Voice-of-the customer documents covering restaurants (e.g. reviews of restaurants).

class geneeanlpclient.g3.request.LanguageCode[source]

Bases: enum.Enum

Typically used ISO 639-1 language codes.

CS = 'cs'
DE = 'de'
EN = 'en'
ES = 'es'
PL = 'pl'
SK = 'sk'
class geneeanlpclient.g3.request.ParaSpec(type, text)[source]

Bases: tuple

static abstract(text: str) → geneeanlpclient.g3.request.ParaSpec[source]

Paragraph representing an abstract (lead or perex) of the whole document.

static body(text: str) → geneeanlpclient.g3.request.ParaSpec[source]

Paragraph containing regular text (for now this is used for the whole body of the document).

property text

Text of the paragraph

static title(text: str) → geneeanlpclient.g3.request.ParaSpec[source]
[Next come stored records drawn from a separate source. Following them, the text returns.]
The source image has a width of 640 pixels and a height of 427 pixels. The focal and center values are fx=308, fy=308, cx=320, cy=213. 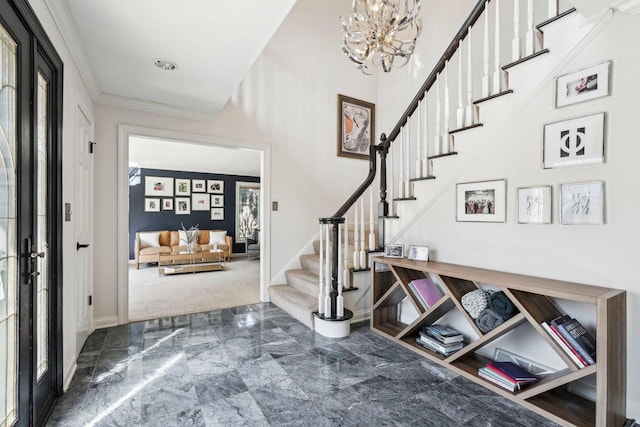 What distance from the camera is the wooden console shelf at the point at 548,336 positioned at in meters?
1.51

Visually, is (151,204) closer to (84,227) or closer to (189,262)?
(189,262)

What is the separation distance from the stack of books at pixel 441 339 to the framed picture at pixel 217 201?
22.6 ft

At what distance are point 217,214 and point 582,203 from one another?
7813 mm

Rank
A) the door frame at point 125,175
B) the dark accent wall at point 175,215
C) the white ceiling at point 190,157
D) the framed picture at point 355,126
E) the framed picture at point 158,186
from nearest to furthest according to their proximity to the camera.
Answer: the door frame at point 125,175
the framed picture at point 355,126
the white ceiling at point 190,157
the dark accent wall at point 175,215
the framed picture at point 158,186

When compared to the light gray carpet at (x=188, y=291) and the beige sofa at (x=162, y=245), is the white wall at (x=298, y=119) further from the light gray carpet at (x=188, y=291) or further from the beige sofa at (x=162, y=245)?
the beige sofa at (x=162, y=245)

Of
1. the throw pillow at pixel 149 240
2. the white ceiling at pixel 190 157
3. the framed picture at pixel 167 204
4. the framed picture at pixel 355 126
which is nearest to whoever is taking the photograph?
the framed picture at pixel 355 126

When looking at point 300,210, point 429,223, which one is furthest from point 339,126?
point 429,223

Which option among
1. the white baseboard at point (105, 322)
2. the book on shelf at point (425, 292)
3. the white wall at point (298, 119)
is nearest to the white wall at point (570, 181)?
the book on shelf at point (425, 292)

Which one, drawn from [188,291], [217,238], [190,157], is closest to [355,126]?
[188,291]

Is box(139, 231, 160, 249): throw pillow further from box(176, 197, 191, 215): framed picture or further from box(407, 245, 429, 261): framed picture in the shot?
box(407, 245, 429, 261): framed picture

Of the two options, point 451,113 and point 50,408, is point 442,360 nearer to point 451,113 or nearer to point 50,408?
point 50,408

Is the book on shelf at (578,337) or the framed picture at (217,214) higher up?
the framed picture at (217,214)

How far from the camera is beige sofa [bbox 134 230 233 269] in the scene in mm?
6438

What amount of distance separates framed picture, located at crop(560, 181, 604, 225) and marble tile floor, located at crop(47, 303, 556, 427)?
115cm
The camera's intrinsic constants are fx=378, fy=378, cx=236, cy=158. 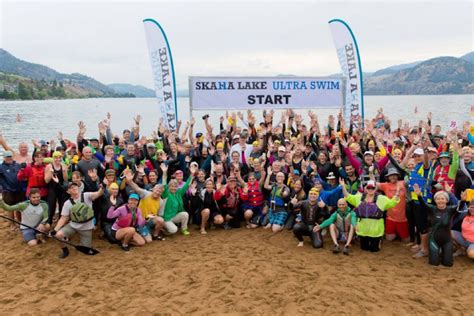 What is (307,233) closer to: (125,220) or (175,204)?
(175,204)

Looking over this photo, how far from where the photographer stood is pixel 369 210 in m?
7.21

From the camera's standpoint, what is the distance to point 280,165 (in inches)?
349

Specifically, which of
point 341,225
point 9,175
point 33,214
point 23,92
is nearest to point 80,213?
point 33,214

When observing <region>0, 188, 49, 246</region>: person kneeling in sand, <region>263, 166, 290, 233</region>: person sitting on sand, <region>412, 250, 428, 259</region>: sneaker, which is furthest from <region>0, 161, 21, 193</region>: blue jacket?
<region>412, 250, 428, 259</region>: sneaker

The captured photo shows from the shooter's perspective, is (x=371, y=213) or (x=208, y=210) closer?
(x=371, y=213)

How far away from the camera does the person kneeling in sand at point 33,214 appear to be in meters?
7.72

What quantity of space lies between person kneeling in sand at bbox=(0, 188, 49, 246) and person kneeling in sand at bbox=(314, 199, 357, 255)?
5.66m

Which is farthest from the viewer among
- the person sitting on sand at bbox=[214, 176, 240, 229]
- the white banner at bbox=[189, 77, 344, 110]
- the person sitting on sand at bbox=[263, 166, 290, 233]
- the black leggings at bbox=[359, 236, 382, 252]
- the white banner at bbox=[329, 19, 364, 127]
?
the white banner at bbox=[329, 19, 364, 127]

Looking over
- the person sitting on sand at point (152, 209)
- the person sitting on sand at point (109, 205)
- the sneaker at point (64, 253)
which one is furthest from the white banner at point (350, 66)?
the sneaker at point (64, 253)

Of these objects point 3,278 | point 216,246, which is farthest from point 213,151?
point 3,278

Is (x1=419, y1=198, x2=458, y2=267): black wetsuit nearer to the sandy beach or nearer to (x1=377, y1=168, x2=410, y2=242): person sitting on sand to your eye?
the sandy beach

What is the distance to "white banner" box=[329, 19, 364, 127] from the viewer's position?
44.4 feet

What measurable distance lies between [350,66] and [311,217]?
308 inches

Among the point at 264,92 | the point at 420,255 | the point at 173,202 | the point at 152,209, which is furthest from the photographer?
the point at 264,92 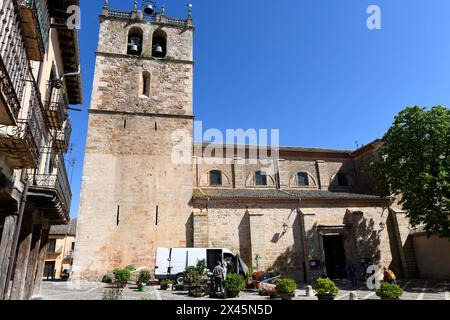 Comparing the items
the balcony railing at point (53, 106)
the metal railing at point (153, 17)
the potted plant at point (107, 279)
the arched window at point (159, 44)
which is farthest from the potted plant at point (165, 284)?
the metal railing at point (153, 17)

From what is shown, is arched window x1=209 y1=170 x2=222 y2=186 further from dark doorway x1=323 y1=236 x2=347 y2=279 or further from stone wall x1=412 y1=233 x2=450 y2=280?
stone wall x1=412 y1=233 x2=450 y2=280

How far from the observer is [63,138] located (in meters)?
11.4

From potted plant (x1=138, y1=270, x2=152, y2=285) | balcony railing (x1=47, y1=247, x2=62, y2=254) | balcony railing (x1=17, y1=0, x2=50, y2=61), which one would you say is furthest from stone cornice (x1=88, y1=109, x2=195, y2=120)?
balcony railing (x1=47, y1=247, x2=62, y2=254)

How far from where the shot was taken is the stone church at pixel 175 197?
17000 mm

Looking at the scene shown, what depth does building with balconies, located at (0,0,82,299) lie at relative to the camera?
490 cm

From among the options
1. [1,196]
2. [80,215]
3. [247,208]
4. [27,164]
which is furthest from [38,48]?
[247,208]

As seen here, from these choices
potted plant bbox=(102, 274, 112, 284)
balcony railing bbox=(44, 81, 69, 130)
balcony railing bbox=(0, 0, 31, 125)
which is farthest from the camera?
potted plant bbox=(102, 274, 112, 284)

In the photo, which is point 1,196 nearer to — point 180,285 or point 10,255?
point 10,255

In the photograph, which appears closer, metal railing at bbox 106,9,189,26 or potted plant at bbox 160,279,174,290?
potted plant at bbox 160,279,174,290

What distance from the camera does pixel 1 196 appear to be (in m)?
6.33

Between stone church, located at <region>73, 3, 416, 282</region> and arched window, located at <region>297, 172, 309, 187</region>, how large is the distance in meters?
0.85

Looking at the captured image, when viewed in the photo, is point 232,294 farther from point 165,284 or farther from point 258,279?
point 165,284

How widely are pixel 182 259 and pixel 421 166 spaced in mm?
13428

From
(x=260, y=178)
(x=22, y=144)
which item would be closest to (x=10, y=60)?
(x=22, y=144) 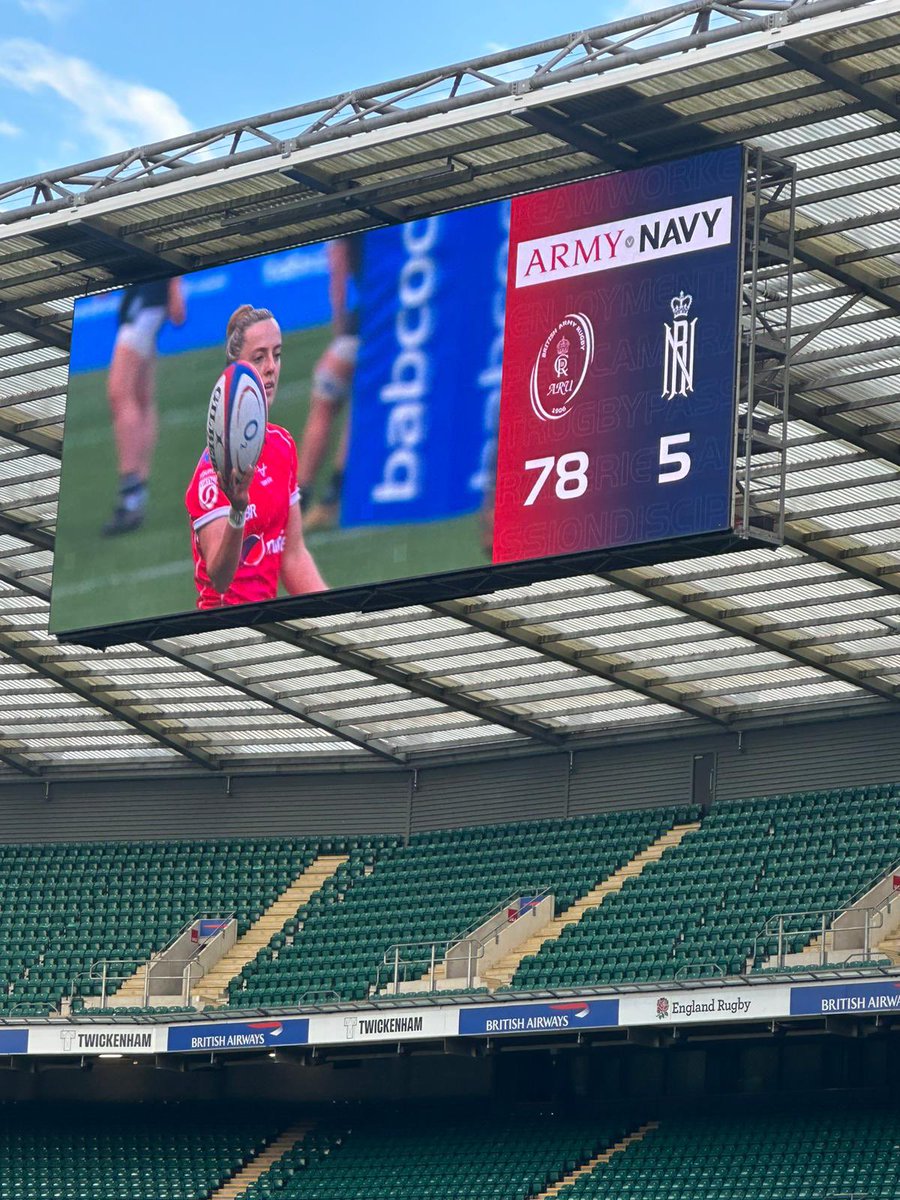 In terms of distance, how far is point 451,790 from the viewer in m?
43.0

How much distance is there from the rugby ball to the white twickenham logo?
6336 mm

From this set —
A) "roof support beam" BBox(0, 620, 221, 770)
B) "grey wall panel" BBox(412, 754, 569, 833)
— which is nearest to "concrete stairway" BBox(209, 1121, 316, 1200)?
"grey wall panel" BBox(412, 754, 569, 833)

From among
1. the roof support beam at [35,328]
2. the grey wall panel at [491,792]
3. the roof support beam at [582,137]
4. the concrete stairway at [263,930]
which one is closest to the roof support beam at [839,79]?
the roof support beam at [582,137]

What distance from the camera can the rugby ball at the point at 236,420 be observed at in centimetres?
2953

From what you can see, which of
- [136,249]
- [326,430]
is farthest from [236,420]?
[136,249]

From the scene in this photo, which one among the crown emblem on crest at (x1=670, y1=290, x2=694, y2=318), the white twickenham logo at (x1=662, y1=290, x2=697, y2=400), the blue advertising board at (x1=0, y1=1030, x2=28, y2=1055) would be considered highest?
the crown emblem on crest at (x1=670, y1=290, x2=694, y2=318)

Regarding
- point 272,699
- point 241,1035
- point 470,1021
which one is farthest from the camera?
point 272,699

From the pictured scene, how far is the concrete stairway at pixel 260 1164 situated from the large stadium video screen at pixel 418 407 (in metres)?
11.5

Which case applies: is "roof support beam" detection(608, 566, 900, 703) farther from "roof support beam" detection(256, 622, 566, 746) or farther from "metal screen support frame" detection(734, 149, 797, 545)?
"metal screen support frame" detection(734, 149, 797, 545)

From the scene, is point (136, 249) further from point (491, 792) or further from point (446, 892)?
point (491, 792)

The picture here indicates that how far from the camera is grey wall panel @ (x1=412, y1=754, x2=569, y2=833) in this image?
137 feet

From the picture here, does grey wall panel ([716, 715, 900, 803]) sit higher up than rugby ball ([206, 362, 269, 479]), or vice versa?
rugby ball ([206, 362, 269, 479])

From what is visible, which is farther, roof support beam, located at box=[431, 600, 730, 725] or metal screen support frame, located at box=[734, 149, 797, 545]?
roof support beam, located at box=[431, 600, 730, 725]

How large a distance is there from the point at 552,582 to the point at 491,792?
340 inches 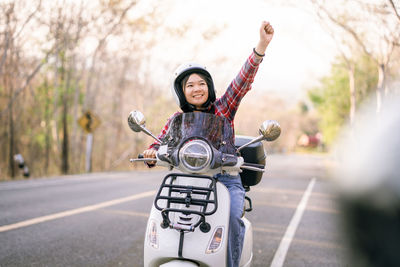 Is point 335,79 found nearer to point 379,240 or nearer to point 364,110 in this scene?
point 364,110

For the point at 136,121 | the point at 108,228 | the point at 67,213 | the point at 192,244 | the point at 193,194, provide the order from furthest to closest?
the point at 67,213, the point at 108,228, the point at 136,121, the point at 193,194, the point at 192,244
Paragraph representing a title of the whole document. Also used for email subjects.

property type

Type of the paragraphs, typically one of Paragraph.TYPE_TITLE, Paragraph.TYPE_ABSTRACT, Paragraph.TYPE_BODY; possibly Paragraph.TYPE_SECTION_HEADING

class geneeanlpclient.g3.request.Request(id, title, text, paraSpecs, analyses, language, langDetectPrior, domain, textType, referenceDate, diacritization, returnMentions, returnItemSentiment, metadata, custom)[source]

Bases: tuple

class Builder(*, analyses: Iterable[geneeanlpclient.g3.request.AnalysisType] = None, language: Union[geneeanlpclient.g3.request.LanguageCode, str] = None, langDetectPrior: str = None, domain: Union[geneeanlpclient.g3.request.Domain, str] = None, textType: Union[geneeanlpclient.g3.request.TextType, str] = None, referenceDate: Union[datetime.date, str] = None, diacritization: Union[geneeanlpclient.g3.request.Diacritization, str] = None, returnMentions: bool = False, returnItemSentiment: bool = False, metadata: Mapping[str, str] = None, customConfig: Dict[str, Any] = None)[source]

Bases: object

build(*, id: Union[str, int] = None, title: str = None, text: str = None, paraSpecs: List[geneeanlpclient.g3.request.ParaSpec] = None, language: Union[geneeanlpclient.g3.request.LanguageCode, str] = None, referenceDate: Union[datetime.date, str] = None, metadata: Mapping[str, str] = None, customConfig: Dict[str, Any] = None) → geneeanlpclient.g3.request.Request[source]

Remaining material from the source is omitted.